“Working in the military, you get to a breaking point from time to time, and so I had taken up hockey to get my mind in check. I told people how much it was helping, and then on January 10th, 2016, I had my heart attack at 38 years old.”
Before Leighton’s heart attack, he worked as an Avionics Junior Supervisor with the Royal Canadian Air Force in Greenwood, Nova Scotia – a small town home to the largest military base in Atlantic Canada. He had quit smoking the year before and taken up hockey to increase his physical activity and to destress.
Despite an ongoing, dry, non-productive cough that had developed a few months before his cardiac event, he was feeling good.
“The day of my heart attack, I was changing the winter tires on my car, which was a decent amount of work. When I was done, I had a shower and sat on the couch to watch a show and rest. I kept trying to put my arms back behind my head but was getting this weird numb feeling and couldn’t relax. Then it felt like somebody was jamming their knee into my chest, but it wasn’t like that sudden grab of my left arm. I got up and went and took an ibuprofen, and I realized when I went to the kitchen I was getting very dizzy.”
All military members must complete First Aid training every three years, so access to emergency information was only an arm’s reach away.
“I always keep the latest First Aid handbook, and I always knew exactly where it was in the house. I looked up cardiac arrest symptoms and was saying yes (in my head) to them all. In response, my partner at the time drove me to the hospital about 20 mins away in Kentville. They did a heart ultrasound and said, ‘Nope, not the heart.’ Nonetheless, they wanted to keep me overnight, but I decided to head home and sleep in my own bed, and I went back up the next morning. They did more blood work, and my troponins (a type of protein found in the heart’s muscle with high levels typically indicating a heart attack has occurred) were elevated.”
Healthcare professionals advised Leighton that they needed to send him for an angiogram in Halifax but that the quickest way to receive this procedure was as an inpatient. Otherwise, it would take six months as an outpatient. Due to this, his stay in the hospital lasted about a week.
“It was great because I got my bloodwork done all the time and felt okay.
In the military, if a troop is in the hospital for some time, the Commanding Officer of the squadron or a delegate will visit the person in the hospital. It probably seemed funny because they didn’t know why I was in the hospital, and I didn’t look any different, and I was up and joking – they were probably like, ‘Why are you here?’.
They eventually sent me to Queen Elizabeth II Health Sciences Centre (QEII) for the angiogram. I had a 70% blockage in the left anterior descending artery (LAD) and 20 – 50% everywhere else. The cardiologist let me know that they were putting in a stent. During the procedure, I asked if I could still play hockey because I had an extensive budgeting hockey career in the military. She said we’ll discuss that later.
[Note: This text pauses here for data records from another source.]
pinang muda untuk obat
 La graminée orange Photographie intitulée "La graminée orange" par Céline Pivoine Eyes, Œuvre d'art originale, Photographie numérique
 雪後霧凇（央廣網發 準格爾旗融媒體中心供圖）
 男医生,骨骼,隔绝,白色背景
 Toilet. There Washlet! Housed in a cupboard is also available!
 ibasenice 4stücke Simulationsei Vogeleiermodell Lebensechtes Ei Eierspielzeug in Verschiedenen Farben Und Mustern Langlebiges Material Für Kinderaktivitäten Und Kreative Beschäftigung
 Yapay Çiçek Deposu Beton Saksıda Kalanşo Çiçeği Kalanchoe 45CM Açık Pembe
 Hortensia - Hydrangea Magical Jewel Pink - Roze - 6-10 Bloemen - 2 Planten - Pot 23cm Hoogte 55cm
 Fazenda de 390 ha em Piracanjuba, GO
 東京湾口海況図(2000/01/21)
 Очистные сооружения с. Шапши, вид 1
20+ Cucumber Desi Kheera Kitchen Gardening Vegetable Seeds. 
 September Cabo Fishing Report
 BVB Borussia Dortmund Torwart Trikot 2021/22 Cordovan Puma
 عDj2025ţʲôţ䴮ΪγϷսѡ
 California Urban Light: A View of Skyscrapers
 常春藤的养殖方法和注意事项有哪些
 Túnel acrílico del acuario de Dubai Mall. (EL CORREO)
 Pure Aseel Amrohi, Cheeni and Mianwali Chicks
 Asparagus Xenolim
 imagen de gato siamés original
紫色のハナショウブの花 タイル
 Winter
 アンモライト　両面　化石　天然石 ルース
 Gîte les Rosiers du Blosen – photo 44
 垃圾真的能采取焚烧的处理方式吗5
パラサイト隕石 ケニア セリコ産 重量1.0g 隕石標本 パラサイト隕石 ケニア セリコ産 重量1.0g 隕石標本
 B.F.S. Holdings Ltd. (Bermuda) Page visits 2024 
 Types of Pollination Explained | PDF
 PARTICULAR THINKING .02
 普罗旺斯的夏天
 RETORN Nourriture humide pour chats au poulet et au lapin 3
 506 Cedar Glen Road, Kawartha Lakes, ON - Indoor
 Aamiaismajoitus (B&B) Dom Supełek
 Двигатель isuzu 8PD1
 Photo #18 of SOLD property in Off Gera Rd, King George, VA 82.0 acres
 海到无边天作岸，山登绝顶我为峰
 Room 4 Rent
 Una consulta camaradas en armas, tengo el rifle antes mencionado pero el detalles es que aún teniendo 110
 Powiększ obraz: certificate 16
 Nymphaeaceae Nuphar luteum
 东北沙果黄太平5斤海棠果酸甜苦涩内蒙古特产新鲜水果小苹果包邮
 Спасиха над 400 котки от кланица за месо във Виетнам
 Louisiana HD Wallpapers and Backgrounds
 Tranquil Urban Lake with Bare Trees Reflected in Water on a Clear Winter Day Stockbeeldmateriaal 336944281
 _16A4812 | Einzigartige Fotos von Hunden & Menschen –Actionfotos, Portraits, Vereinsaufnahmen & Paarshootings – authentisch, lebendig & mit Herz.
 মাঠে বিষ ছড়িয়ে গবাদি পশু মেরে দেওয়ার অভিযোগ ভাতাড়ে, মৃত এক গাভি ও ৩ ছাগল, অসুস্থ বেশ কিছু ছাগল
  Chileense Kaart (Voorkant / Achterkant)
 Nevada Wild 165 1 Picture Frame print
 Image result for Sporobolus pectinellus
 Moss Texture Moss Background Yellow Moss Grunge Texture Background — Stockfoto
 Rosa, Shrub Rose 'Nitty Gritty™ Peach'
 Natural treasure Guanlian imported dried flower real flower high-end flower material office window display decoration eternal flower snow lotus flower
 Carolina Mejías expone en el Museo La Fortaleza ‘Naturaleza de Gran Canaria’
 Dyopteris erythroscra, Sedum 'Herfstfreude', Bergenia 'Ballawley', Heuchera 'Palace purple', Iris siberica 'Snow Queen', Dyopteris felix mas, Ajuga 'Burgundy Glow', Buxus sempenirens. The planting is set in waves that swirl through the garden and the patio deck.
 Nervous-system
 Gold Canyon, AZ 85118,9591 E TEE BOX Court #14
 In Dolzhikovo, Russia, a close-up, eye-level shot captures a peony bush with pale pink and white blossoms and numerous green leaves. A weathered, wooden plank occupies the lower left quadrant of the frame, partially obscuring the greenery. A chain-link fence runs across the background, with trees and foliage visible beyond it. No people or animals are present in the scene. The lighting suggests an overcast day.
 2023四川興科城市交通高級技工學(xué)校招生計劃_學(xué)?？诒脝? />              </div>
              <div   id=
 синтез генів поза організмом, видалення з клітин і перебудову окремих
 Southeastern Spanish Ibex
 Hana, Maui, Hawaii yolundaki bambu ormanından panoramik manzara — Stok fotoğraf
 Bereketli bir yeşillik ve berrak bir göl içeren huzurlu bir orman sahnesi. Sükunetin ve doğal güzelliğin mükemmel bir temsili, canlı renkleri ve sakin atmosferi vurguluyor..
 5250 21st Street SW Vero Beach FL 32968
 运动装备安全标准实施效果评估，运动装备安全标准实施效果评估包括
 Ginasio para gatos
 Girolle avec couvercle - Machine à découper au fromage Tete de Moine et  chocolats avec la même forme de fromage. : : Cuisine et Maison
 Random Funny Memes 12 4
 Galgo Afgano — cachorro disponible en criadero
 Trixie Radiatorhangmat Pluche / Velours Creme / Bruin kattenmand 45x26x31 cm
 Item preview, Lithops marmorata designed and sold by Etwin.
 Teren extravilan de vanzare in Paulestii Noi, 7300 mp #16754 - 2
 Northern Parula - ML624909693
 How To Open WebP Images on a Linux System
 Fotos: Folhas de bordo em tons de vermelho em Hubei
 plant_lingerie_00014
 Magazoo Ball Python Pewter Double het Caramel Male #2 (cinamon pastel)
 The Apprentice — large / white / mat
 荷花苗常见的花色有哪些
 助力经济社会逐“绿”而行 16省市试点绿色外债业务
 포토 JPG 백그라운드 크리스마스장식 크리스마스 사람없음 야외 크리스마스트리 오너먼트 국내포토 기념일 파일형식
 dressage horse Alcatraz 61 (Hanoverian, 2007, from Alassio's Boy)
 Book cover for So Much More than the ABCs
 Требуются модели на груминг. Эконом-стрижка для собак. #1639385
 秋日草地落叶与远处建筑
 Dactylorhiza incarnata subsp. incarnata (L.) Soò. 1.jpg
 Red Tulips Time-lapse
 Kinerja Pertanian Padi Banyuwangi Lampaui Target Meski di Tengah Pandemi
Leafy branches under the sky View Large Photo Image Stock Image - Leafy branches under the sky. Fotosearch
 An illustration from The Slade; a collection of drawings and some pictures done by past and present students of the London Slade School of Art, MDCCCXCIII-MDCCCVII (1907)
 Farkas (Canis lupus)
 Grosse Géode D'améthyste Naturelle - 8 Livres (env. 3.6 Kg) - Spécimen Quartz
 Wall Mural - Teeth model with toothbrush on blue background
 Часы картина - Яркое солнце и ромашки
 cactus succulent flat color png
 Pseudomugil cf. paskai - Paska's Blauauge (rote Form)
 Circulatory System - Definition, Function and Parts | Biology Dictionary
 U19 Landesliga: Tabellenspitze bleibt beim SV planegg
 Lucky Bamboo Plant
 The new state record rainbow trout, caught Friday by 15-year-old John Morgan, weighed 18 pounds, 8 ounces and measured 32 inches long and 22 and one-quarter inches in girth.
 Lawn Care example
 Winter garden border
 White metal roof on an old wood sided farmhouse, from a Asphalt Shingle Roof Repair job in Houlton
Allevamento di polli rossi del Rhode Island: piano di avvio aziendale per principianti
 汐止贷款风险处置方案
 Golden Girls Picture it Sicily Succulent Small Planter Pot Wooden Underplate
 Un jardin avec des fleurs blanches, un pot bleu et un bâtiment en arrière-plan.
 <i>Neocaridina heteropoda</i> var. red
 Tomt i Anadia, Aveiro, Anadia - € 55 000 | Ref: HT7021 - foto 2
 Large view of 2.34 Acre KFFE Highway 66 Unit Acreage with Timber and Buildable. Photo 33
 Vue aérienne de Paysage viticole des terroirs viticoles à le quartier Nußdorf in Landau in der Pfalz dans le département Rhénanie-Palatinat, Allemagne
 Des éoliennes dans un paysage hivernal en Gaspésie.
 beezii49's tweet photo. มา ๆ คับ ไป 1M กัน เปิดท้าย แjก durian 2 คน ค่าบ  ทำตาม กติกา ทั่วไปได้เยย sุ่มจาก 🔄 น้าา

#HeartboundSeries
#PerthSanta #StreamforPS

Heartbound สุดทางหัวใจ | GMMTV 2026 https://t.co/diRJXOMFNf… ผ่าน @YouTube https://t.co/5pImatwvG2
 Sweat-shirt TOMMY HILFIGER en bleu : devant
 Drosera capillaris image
But the coolest part was that nagging cough that I had all those months broke up that night, and in eight hours, the cough was disappearing.”
A few weeks later, Leighton began his cardiac rehab program. Unique to those in the military and unfortunately unlike the experiences of many civilian Canadians recovering from a cardiac procedure, Leighton was afforded the time to complete the program during work hours and was reimbursed by the military for gas and other expenses.
“In the military, people get a little extra to ensure they don’t let them fall through the cracks – it’s the benefit of time. Knowing that if something happened, at least job-wise, there’s somebody there to take over, and you can leave work to go to your appointment. It’s nice not to worry about an hourly wage lost or taking a day off to attend a medical appointment. I know there are other’s saying, ‘How am I gonna pay for this?”. Or, ‘Why would I go to the heart rehab program because I have to take a day off and nobody’s reimbursing me?’.”
With the benefit of time, Leighton feels a big difference today.
“I worked 12 years of shift work in a very high-tempo environment. I didn’t have the best relationships, or they just didn’t turn out. Combined with what I was eating, smoking, and drinking. Then, I had this definitive moment where I faced some mortality, and now I look at my life in chunks of time – before and after. Now I feel like I got this work done, and I got a bit of extra time.”
Unfortunately, Leighton’s heart condition impacted his status in the military.
“The outcome of my cardiac event kind of forced the squadron’s hand. Every person in the military has to meet the universality of service and essentially be able to go to war if needed. Can you be a soldier first? For example, say you have a condition that affects your blood or are on a blood thinner. If you go to war and get hurt and require all the blood in the hospital, you’re taking it away from other soldiers – you’re a liability.
They don’t just kick you out, though. The military helps ensure you have a proper transition into civilian life. I applied for extensions and got about five extra years after my event. I did 20 years to the day, and before I got out, I went back down to the floor and was at the top and retired in the rank of Sergeant.
The differences today are broad because I feel physically better, but the mental game is the biggest. It’s always in the back of my mind, and I consider what I put into my body or if I’m not getting up and going for a walk that day. It’s always a question of how close was I or how much time did I have? You can change physically, but there’s also a mental change. But I’m glad it happened, kind of, it’s weird.”